The opinion further restates that under the law applicable today in Judea and Samaria, in any case where construction took place in good faith (without knowing that the land had previous owners), there is a solution involving compensation rather than demolition. This has been proposed and suggested and was ignored by the court.
In some cases when the value of the homes exceeds the value of the land, the owner of the homes has the choice of either paying compensation to the owner of the land or demolishing the homes. In other cases, when the value of the land exceeds the value of the homes, the land owner has the choice and can demand that the homes be demolished or force the owners of the properties to purchase the land.
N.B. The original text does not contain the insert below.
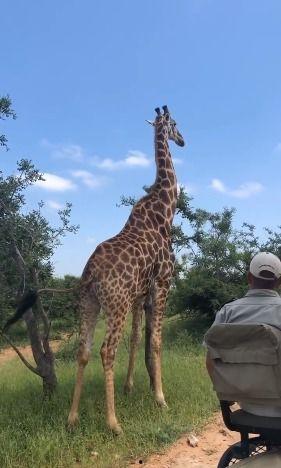 娱乐吃瓜君长颈鹿,娱乐吃瓜君的趣味解读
This had all been said to the court at the time the case was before it
The lawyers state that even in cases where the land owner has the choice, so long as he himself does not demand demolition, the authorities cannot choose to demolish homes. The lawyers also said that in Judea and Samaria there is no legal difference between regulated land and land that is not regulated.
The opinion was welcomed by Nachi Eyal, head of the Legal Forum for the Land of Israel and who heads a group called “Legalizing the Communities”.
“The residents’ claims are now legally binding,” Eyal said. “The Prime Minister and government ministers must stop the machine of destruction and bring this legal opinion to the team that the Prime Minister undertook to set up. I’m sure that an examination of the opinion will require the prosecution to inform the Supreme Court that there is a legal solution and that there is no need to demolish homes.”
MK Tzipi Hotovely also welcomed the corroboration in the legal opinion and said, “The opinion only reinforces what we have been arguing since the legal sword was raised over the outposts: The Supreme Court and Peace Now drew a non-binding and untrue legal purpose around their desire to destroy the communities. No more will injustice be done to families using twisted reasons of justice and honesty.”